*Task requirements*:
Give again, exactly as written, each line of the material below starting at the line that contains "Authentic Homemade Miso" and ending at the line that contains "Hispanic family building a new home". Both ends count, and no other line does.

*Supplied records*:
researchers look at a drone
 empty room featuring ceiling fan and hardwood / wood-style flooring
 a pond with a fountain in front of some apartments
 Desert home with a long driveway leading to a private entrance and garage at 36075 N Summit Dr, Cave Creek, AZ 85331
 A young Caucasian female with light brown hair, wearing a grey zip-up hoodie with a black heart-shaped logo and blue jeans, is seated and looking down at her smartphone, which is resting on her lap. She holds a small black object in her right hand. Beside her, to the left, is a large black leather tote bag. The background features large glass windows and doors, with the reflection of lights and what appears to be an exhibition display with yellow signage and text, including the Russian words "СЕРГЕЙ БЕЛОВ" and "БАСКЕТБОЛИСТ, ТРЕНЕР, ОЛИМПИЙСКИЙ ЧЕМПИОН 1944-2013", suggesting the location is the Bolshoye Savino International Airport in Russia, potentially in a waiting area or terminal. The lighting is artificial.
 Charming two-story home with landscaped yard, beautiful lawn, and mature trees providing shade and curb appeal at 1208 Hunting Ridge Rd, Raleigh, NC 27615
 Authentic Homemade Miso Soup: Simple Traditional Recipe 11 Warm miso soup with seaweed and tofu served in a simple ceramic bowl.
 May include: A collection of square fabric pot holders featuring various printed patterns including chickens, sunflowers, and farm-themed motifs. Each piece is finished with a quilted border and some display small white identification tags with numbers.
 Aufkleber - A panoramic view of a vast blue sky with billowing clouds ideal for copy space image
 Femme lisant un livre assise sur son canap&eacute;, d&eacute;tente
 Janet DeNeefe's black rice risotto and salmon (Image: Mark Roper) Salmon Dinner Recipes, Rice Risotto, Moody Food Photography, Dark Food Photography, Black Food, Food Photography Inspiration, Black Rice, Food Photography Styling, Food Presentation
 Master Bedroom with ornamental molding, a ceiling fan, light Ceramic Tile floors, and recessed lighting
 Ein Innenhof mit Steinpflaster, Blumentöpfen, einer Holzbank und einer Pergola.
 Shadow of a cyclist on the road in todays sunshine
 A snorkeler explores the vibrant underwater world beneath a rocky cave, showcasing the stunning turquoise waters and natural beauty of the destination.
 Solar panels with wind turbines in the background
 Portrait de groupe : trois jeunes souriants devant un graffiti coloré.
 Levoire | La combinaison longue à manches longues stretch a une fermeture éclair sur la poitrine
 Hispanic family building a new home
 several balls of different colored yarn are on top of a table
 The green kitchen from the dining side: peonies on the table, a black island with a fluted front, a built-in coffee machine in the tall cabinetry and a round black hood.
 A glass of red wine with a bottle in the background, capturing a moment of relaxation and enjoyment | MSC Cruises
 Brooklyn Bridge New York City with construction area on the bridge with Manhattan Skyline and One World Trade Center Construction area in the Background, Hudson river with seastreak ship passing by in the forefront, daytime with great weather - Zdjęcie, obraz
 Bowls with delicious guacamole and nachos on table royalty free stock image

*Result of this exercise*:
 Authentic Homemade Miso Soup: Simple Traditional Recipe 11 Warm miso soup with seaweed and tofu served in a simple ceramic bowl.
 May include: A collection of square fabric pot holders featuring various printed patterns including chickens, sunflowers, and farm-themed motifs. Each piece is finished with a quilted border and some display small white identification tags with numbers.
 Aufkleber - A panoramic view of a vast blue sky with billowing clouds ideal for copy space image
 Femme lisant un livre assise sur son canap&eacute;, d&eacute;tente
 Janet DeNeefe's black rice risotto and salmon (Image: Mark Roper) Salmon Dinner Recipes, Rice Risotto, Moody Food Photography, Dark Food Photography, Black Food, Food Photography Inspiration, Black Rice, Food Photography Styling, Food Presentation
 Master Bedroom with ornamental molding, a ceiling fan, light Ceramic Tile floors, and recessed lighting
 Ein Innenhof mit Steinpflaster, Blumentöpfen, einer Holzbank und einer Pergola.
 Shadow of a cyclist on the road in todays sunshine
 A snorkeler explores the vibrant underwater world beneath a rocky cave, showcasing the stunning turquoise waters and natural beauty of the destination.
 Solar panels with wind turbines in the background
 Portrait de groupe : trois jeunes souriants devant un graffiti coloré.
 Levoire | La combinaison longue à manches longues stretch a une fermeture éclair sur la poitrine
 Hispanic family building a new home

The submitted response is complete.